My enemy’s brother is my enemy. And now he’s come for me once again.

I take a few small faltering steps backward toward the door, but I hesitate to leave without knowing exactly what he wants. Seemingly unconcerned that I will take off, the cameraman reaches under the bed and draws out a large dark gray duffel bag and places it on top of the bed. He unzips it and slowly removes a photograph from a file folder, then sends it across the top of the low-rise dresser toward me like a hockey puck. Almost hypnotically, I walk toward the photo, glance down at it, and gasp aloud. My heart plunges, and I press both hands to my chest to stop it from bottoming out. But there is no end to the falling now. It’s all there in blown-up black and white.

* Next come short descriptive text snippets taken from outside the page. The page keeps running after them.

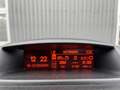 Peugeot Partner 122 1.6 HDi 100pk Airco Cruise controle Euro 6 Omv Wit - thumbnail 43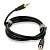 QED QE8137 межблочный аудиокабель, 3 м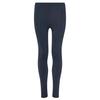 AWDis Cool Girls Athletic Leggings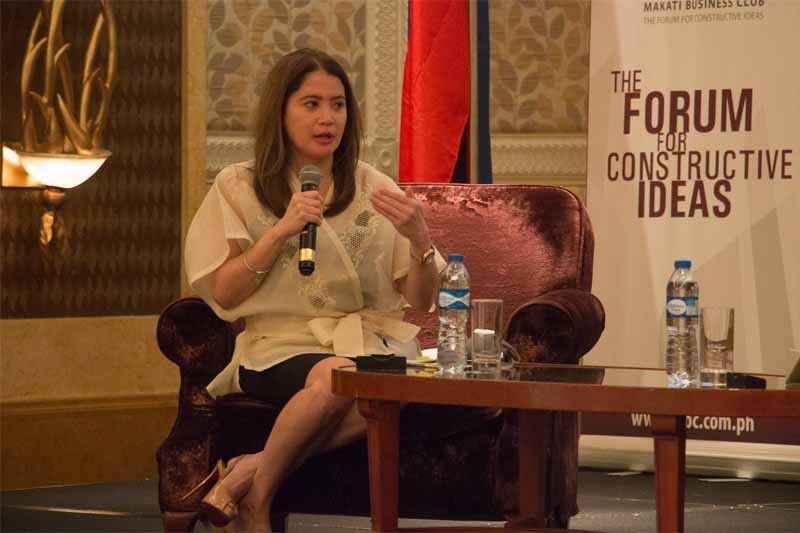 COA allows pre-audit of DOT contracts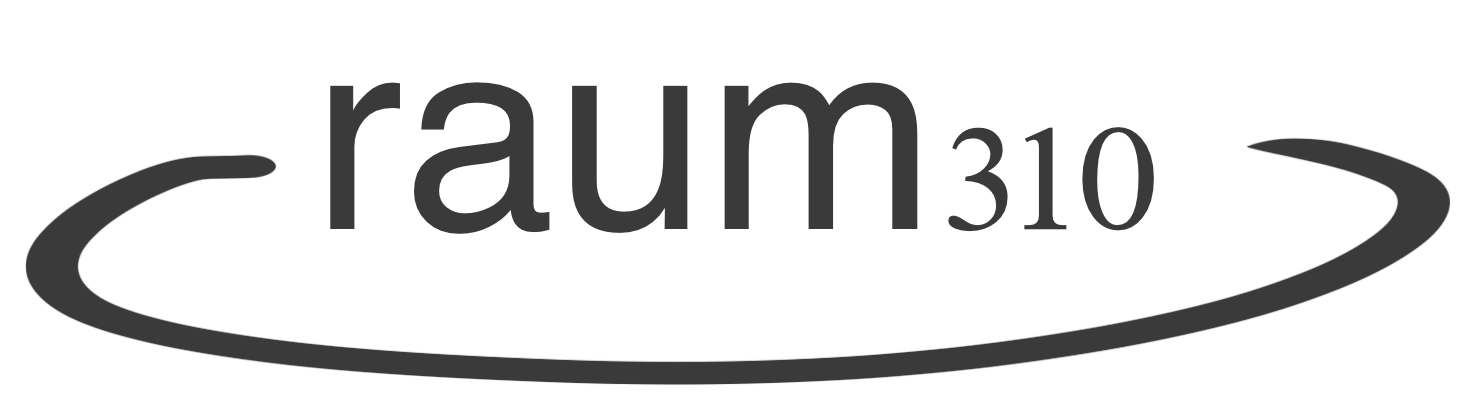 Raum310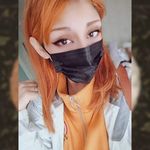 Katherine - @kate.sugarsmile - Instagram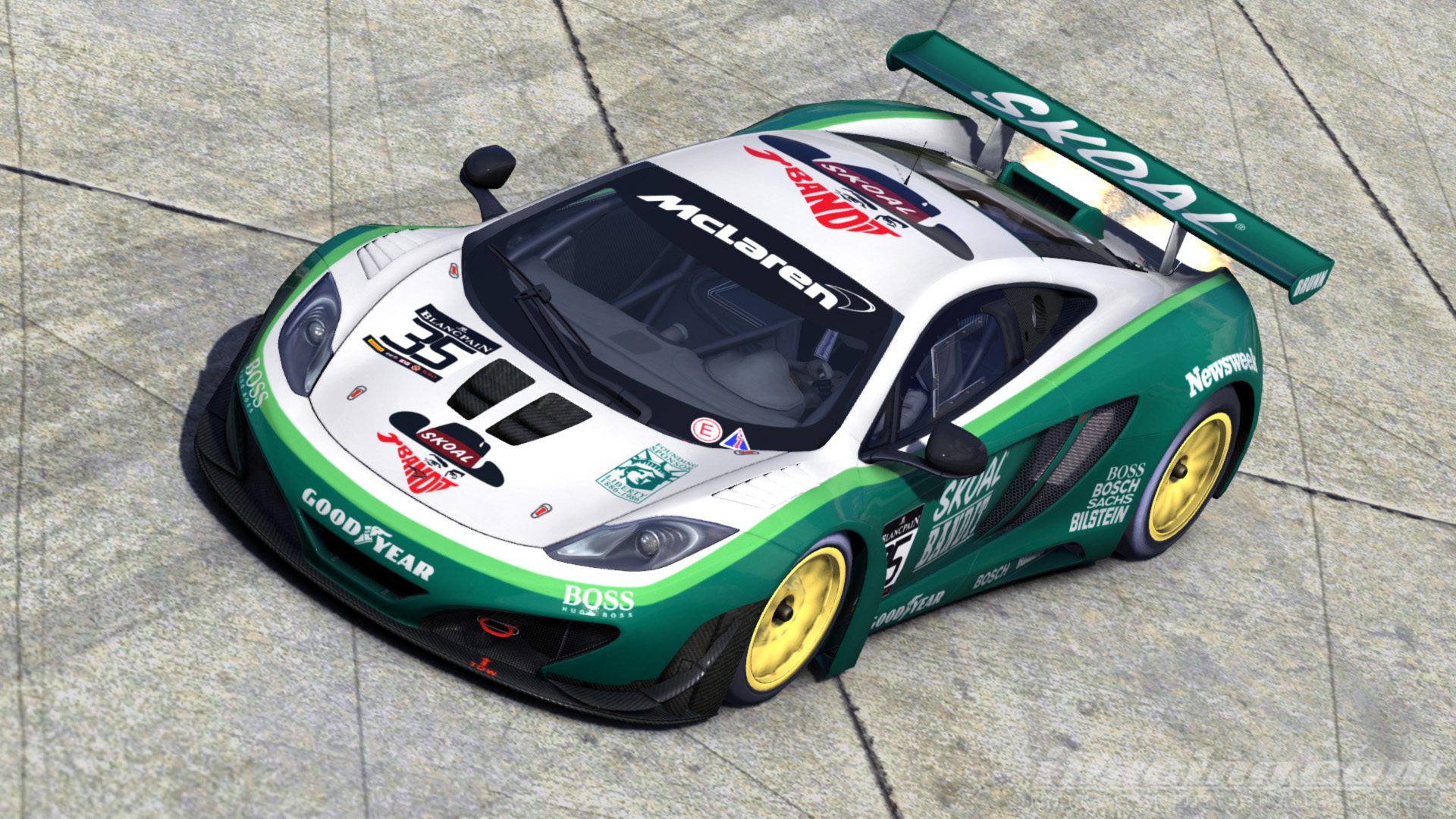 cars with paintcode mp4 cars with paintcode mp4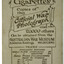 Magpie Cigarettes. Copies of this Official War Photograph and 20000 others can be obtained from the Australian War Museum, Exhibition Buildings Melbourne. Proceeds to the War Memorial Fund.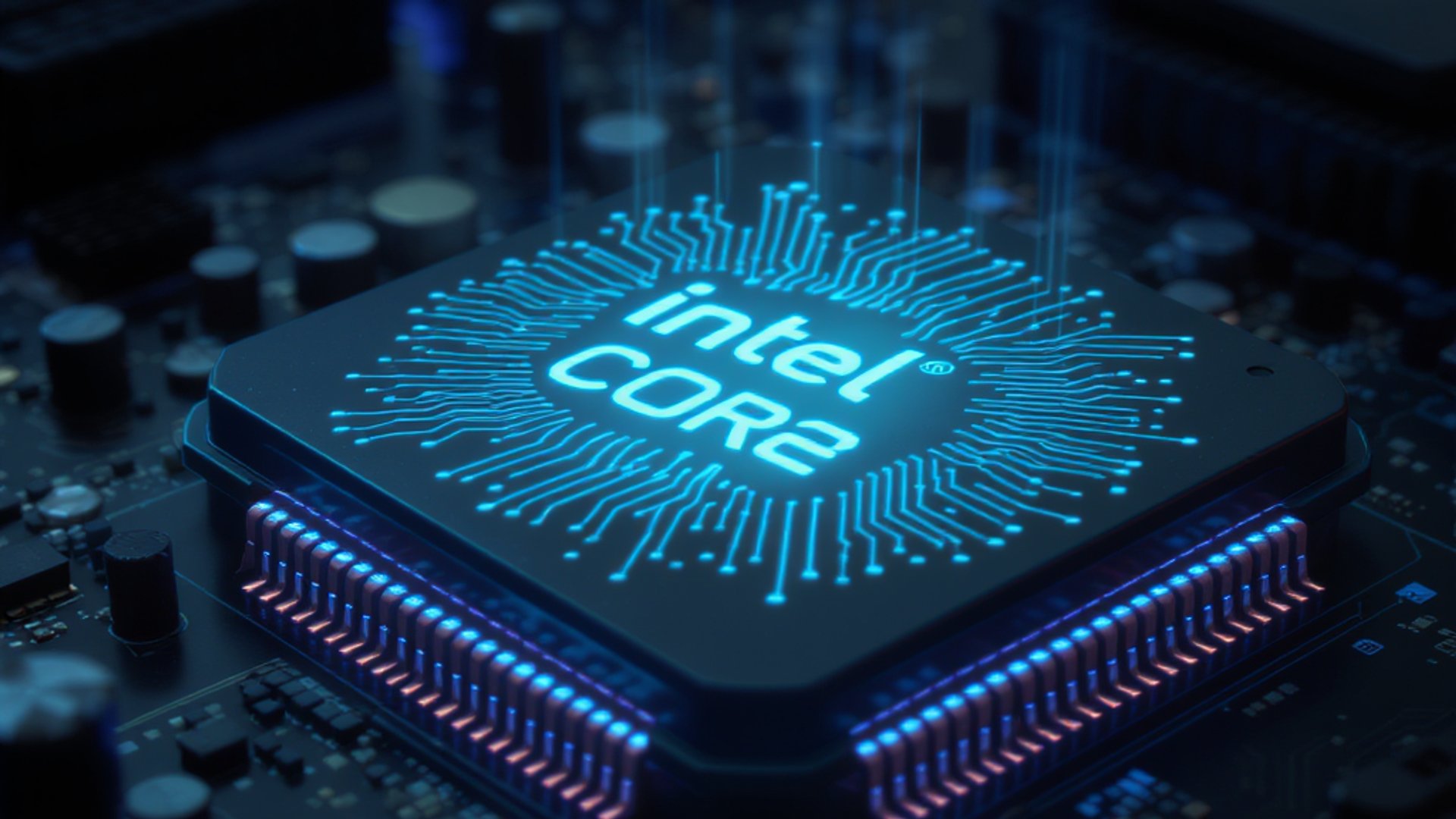 NPU ใน Intel Core Ultra 5 250K คืออะไร และทำไมมันถึงทำให้การ์ดจอ 'ตกงาน' ได้?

Three men and a woman. That day in the ghetto. Trapped inside Lukas Müller’s arms, I am being held against my will. His hands are knotted like bolts around my fingers, forcibly around his gun aimed at Jakub and Aleksander. The photo captures the second worst moment of my life. The worst is what came after that. It should have been you, Bina.

I swipe the photo to the floor and its white matte border grazes my foot. I yearn to stomp on it, rip it apart. But that’s exactly what the cameraman wants me to do. I will myself not to collapse in front of him. Do not give him the satisfaction. Give him nothing.

“Your accent,” I say listlessly instead, trying to buy myself time to pull it together.

“The accent comes out only when I let down my guard, which I don’t. Not ever. Just like you,” he says, taking another leisurely drag followed by a large smoke ring blown directly at me. He is enjoying this. Making a game of it. How the Nazis love their games—the mocking, the degradation, the demeaning sport of abuse. “I’m going to make this simple,” he adds with an amused shake of his head. “Rolf Wagner was found dead in the lake, a bullet to his head... twenty minutes from here.” He lets this piece of front-page news sit between us, get warm and sour like a bottle of milk left out on the counter.

“Coincidence? I don’t think so,” he continues. “I came on this movie set solely to observe you closely. From this moment onward, wherever you go, Bina, I go. I’m about to become another clause in your contract. Nonnegotiable. We have much to discuss. The things you have done, the things you will need to do for us, for the movement, which is still very much alive, and the movie you will make... But we’ll get to all that.” He picks up the photo from the floor, holds it to the light, and points to the image. “I took this. I was there that day, in that room, documenting our activities.”

I can barely breathe. “It was you behind the camera... the close-ups. Another monster in the room.”

“It’s all perspective.”

His brother.

“Is he alive?” I must know.

The warring pools of the cameraman’s leaden eyes transform into twin stalactites, penetrating and glacial. Just like his older brother, who stole everything from me and made me into this—a shell, a woman who has made a big life out of playing pretend and can never come back from it. I hug my body, but it doesn’t protect me from me. Bina Blonski’s tears ran out that day in the ghetto, and this man captured the moment.